[Items from a data source]
================================

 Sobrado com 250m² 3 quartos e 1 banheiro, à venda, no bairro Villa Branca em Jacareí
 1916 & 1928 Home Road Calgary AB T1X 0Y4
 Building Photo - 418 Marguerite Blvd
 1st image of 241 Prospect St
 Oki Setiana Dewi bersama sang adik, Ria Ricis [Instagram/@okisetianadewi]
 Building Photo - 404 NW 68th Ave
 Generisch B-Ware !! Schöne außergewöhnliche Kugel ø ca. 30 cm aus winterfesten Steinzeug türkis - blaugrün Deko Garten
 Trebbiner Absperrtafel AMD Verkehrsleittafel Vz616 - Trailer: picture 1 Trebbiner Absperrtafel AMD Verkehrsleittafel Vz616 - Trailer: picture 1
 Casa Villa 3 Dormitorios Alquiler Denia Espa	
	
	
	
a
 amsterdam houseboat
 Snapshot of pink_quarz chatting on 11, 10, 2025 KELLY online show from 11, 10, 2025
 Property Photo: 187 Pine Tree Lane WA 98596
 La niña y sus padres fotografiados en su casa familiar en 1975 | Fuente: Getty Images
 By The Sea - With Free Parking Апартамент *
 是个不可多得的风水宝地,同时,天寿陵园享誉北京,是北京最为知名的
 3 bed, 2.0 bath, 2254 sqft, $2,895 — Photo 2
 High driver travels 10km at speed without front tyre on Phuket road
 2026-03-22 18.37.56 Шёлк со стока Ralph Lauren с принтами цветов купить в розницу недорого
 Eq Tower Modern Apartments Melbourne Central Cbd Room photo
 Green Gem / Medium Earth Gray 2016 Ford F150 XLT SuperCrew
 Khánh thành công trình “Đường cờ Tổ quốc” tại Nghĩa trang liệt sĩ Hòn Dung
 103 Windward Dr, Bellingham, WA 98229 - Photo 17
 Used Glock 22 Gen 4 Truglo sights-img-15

================================

Find the number of lines in the data above that contain "Building". Please give that number alone.

2